ESG Factors in Qualified Default Investment Alternatives ("QDIAs")?

The 2020 final regulations are clear that no investment fund can be retained as a QDIA (or as a component of a QDIA) if its investment strategies consider non-pecuniary factors. So plans cannot use an ESG fund as their QDIA. The new proposal removes this prohibition. The new rule would instead apply the same standards to QDIAs that other investments are subject to. So a QDIA that considers ESG factors is a much more open possibility under the new rules. From a practical perspective, it's fairly rare that an investment fiduciary selects an ESG fund as a QDIA, even if theoretically permitted by the ERISA fiduciary rules.

What Fiduciary Rules Apply to Proxy Voting and other Shareholder Rights?

Before the 2020 final regulations, many fiduciaries believed that ERISA required them to vote each and every proxy they received relating to a plan asset. The 2020 rule expressly stated that not all proxies must be voted. In fact, the rule allows two safe harbors for proxy voting policies.

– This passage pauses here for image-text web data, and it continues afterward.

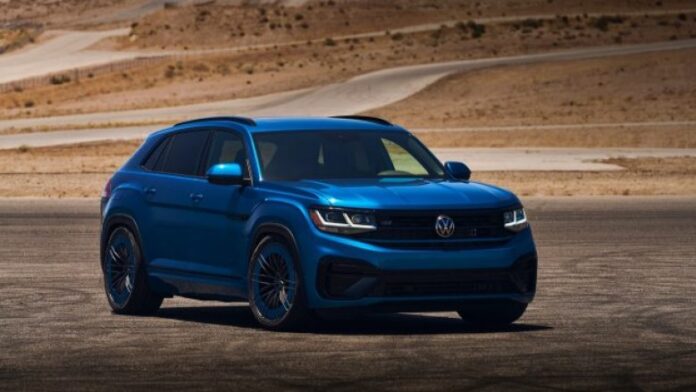 196553848160faa63794c42758161291_v4_big-780x439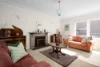 73 The Esplanade, Mosman, NSW 2088-Image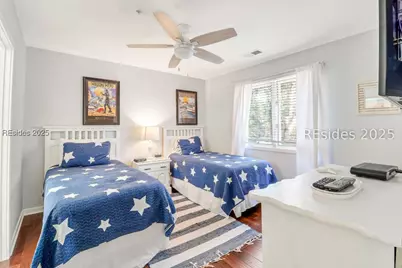 80 Ocean Lane #7618, Hilton Head Island, SC 29928 - Photo 35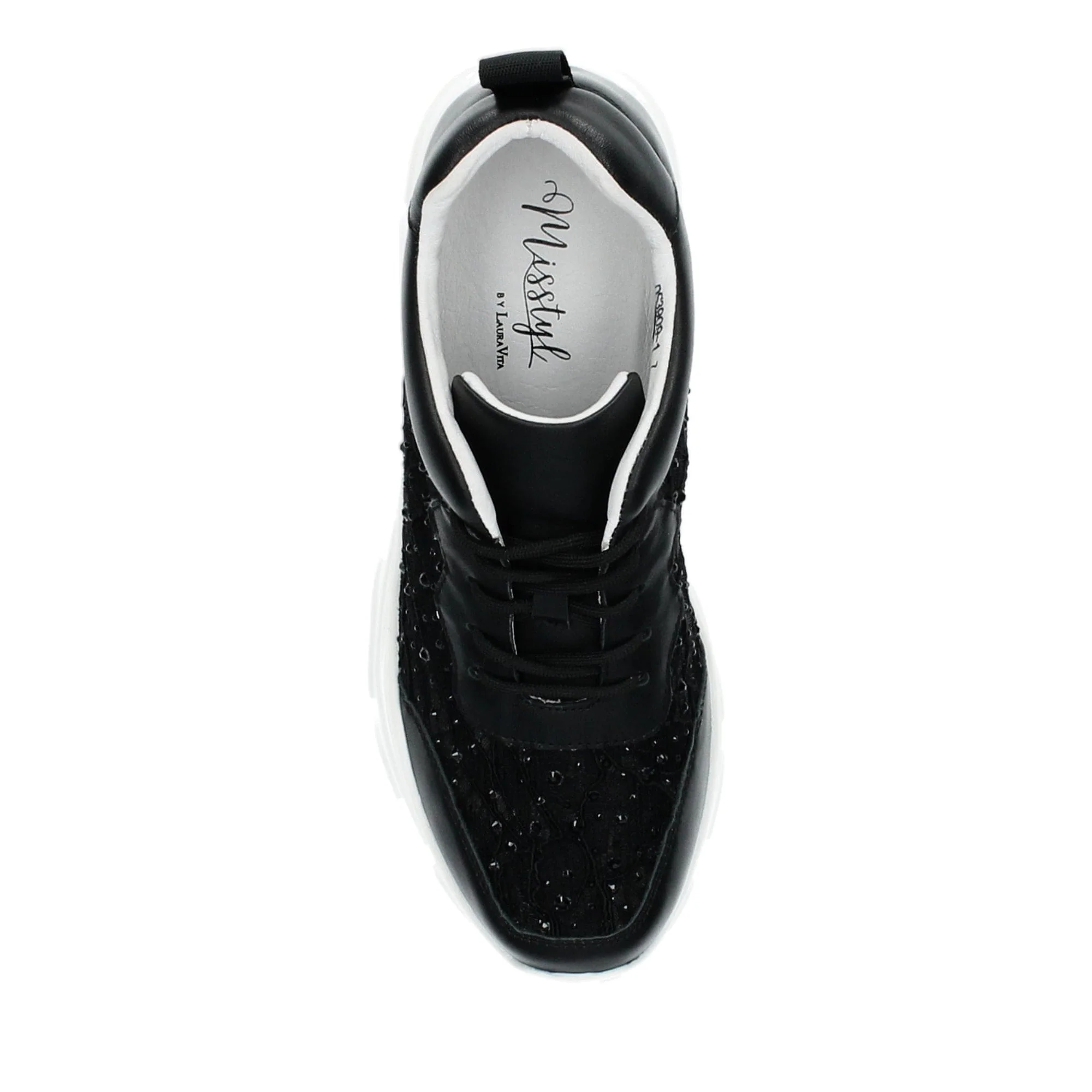 Image du produit 9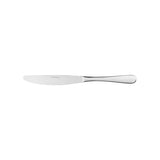 CC20171 - Stanley Rogers Albany Knife - Image 2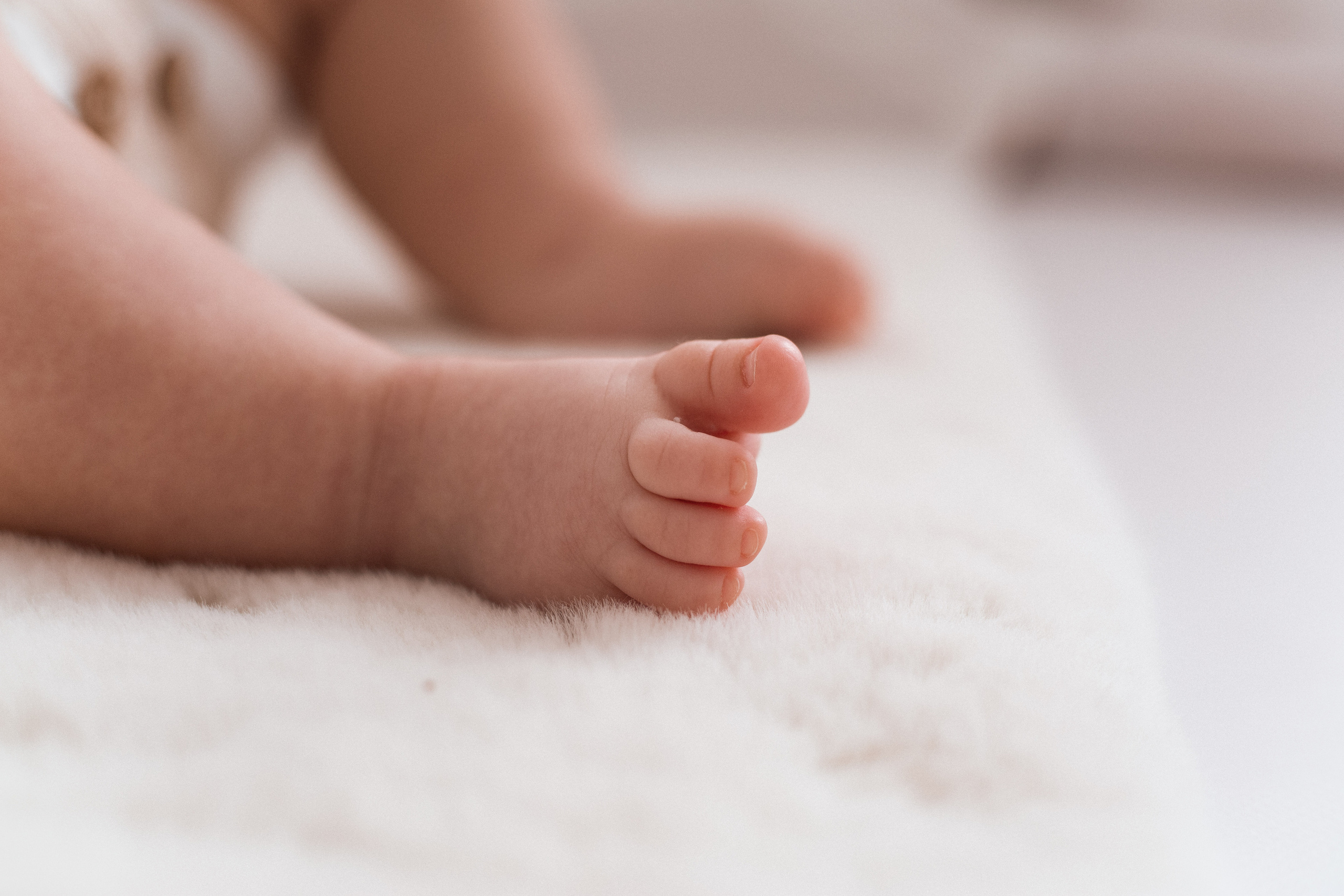 Софи. Фотограф|Волгоград|Фролово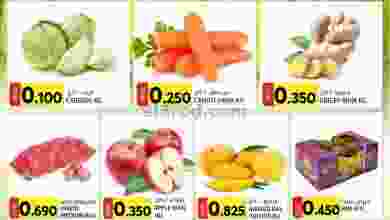 el3rod.com00001-1212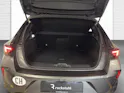 Opel Astra 1.2 T 130 Swiss Plus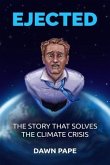 Ejected (eBook, ePUB) Ejected (eBook, ePUB)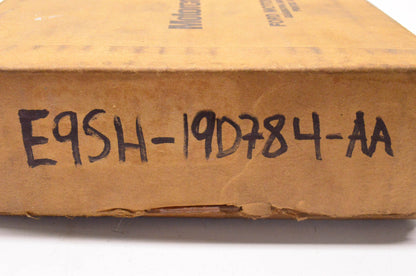 New OEM Ford E9SH-19D784-AA Ford Motorcraft Clutch Pulley NOS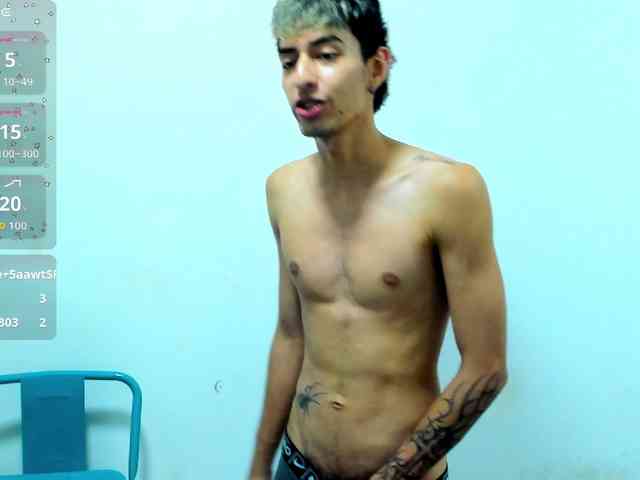 LyanLazar2BBC
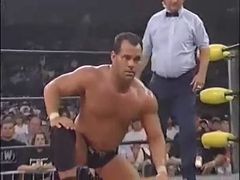Dean Malenko 3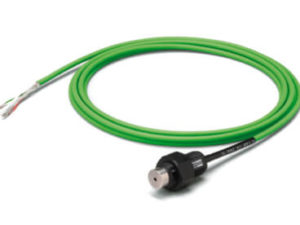 Omron ES1B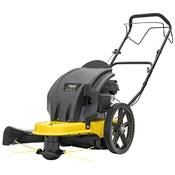 Texas Pro Trim 600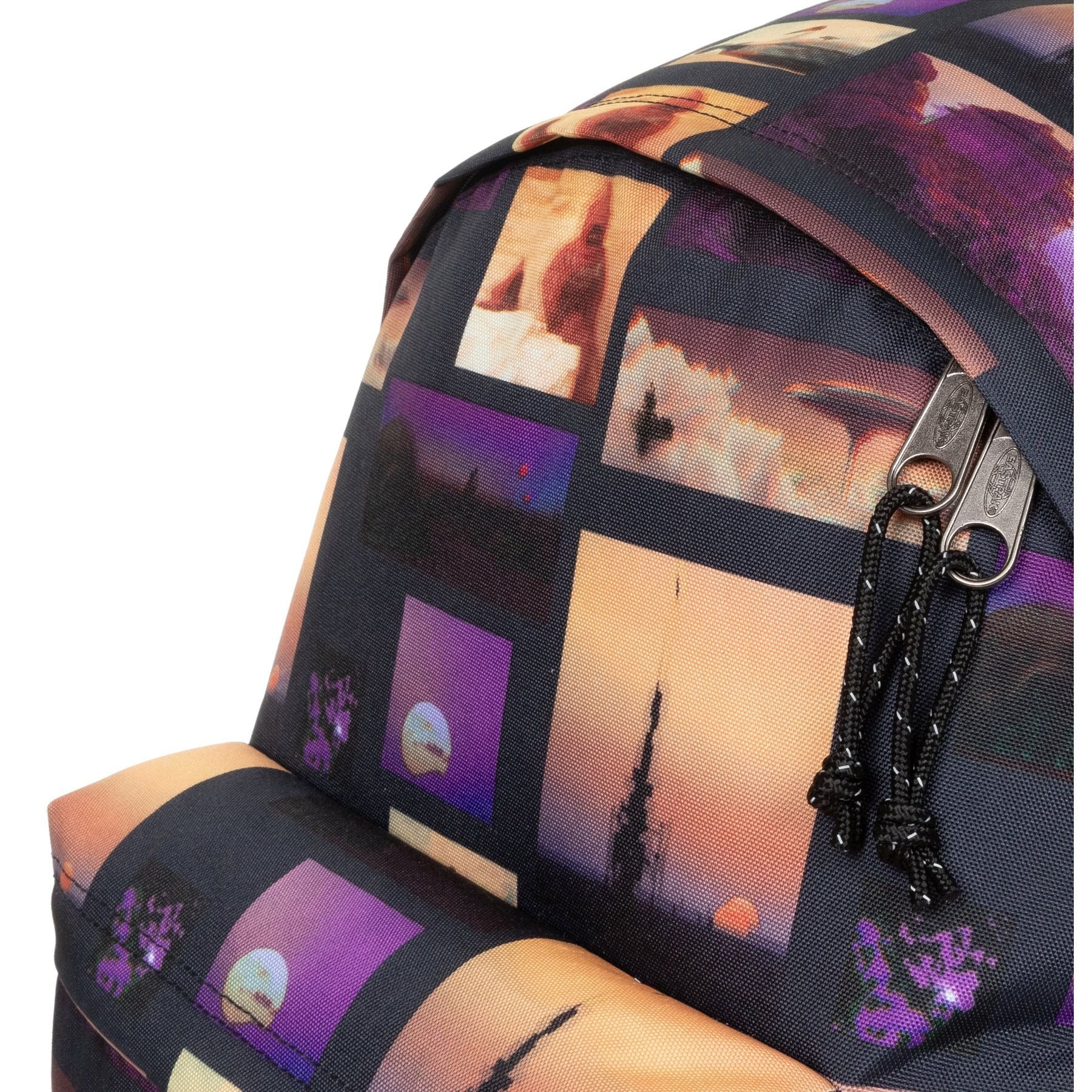 Sac à dos - Day Pak'r® - SW Landscape Grey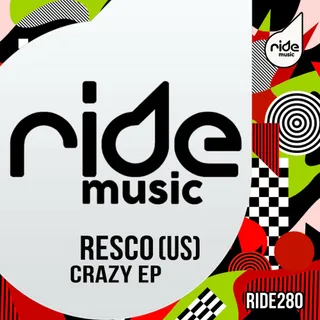 Resco (US)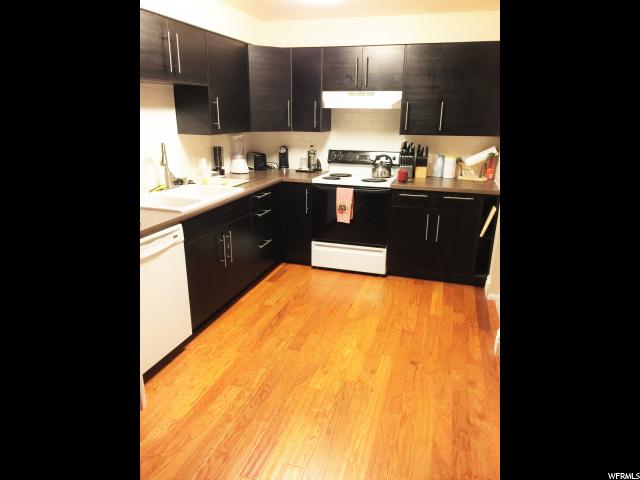 314 W CENTER ST, Bountiful, UT 84010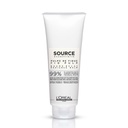 LS RADIANCE BAUME  250 ML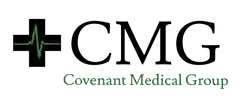 Covenant Medical Group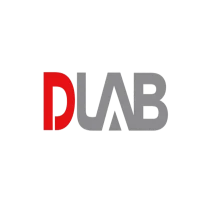 D-Lab scientific products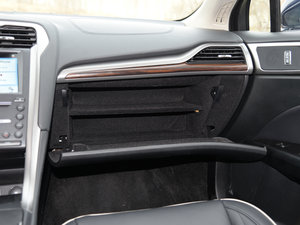 2017EcoBoost 245Ş g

One safe harbor permits a fiduciary to not vote on any proposal that is not expected to have a material effect on the value of the investment. The other safe harbor permits a policy of not voting on proposals when the plan's investment is too small to have any impact on the outcome.

The proposed regulation removes the explicit statement that not all proxies must be voted, along with the two safe harbors. The new rule instead directs fiduciaries to the generally applicable statutory duties of prudence and loyalty. The preamble to the regulation makes clear that the DOL still takes the position that fiduciaries don't have to vote every proxy. However, the DOL expressed concern that such an express statement in the regulations might cause ERISA fiduciaries to abdicate their duty to vote a proxy when the vote might have an impact on the investment's bottom line. So fiduciaries still must consider whether a proxy vote might have an impact on the investment's risk or return. As a rule, fiduciaries should vote a proxy unless they determine that there's a prudent reason for not doing so.

Gallagher Insight

Interest in socially responsible investments – both by retirement plans and individual investors – has grown significantly in recent years. For many years, Gallagher's Investment Monitoring Reports have contained information on your fund's Morningstar sustainability rating, which is the fund's Morningstar ESG rating.

The DOL's proposed regulations might serve to give retirement plan fiduciaries some encouragement in using these investments going forward. The new rules are not final and effective at this point. Nevertheless, they do provide a window into the DOL's thinking on the subject. Decisions allowing funds that consider ESG factors will require careful deliberation and documentation. But under these rules, there may be some circumstances where the DOL considers use of ESG factors as a requirement. Gallagher will continue to monitor developments in the DOL's position relating to socially responsible investing.